**TASK INSTRUCTIONS:** Please print exactly the lines running from the one that contains "Білий Вольво FH" to the end of the data, with both lines included.

**EXTRACTED INFORMATION:**
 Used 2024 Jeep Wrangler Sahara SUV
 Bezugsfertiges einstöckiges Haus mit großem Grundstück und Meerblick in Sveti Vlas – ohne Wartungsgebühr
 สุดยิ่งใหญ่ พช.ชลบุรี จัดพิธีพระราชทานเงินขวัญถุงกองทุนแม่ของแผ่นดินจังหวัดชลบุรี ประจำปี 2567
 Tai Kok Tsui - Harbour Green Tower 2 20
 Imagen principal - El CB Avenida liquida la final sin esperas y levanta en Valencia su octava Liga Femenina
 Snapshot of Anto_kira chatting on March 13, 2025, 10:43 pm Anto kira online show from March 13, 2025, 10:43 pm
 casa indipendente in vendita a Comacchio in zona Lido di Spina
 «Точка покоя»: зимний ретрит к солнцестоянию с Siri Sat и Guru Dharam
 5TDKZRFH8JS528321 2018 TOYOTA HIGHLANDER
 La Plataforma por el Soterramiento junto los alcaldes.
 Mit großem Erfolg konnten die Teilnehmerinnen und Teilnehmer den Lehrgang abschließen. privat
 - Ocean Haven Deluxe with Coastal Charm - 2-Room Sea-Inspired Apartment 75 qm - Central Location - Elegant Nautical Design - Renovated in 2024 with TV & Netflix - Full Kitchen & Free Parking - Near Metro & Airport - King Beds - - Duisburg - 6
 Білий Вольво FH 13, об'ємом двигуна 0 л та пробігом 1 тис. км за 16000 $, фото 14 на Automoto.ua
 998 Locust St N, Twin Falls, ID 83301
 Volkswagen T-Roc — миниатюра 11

**RESULT OF THE TASK:**
 Білий Вольво FH 13, об'ємом двигуна 0 л та пробігом 1 тис. км за 16000 $, фото 14 на Automoto.ua
 998 Locust St N, Twin Falls, ID 83301
 Volkswagen T-Roc — миниатюра 11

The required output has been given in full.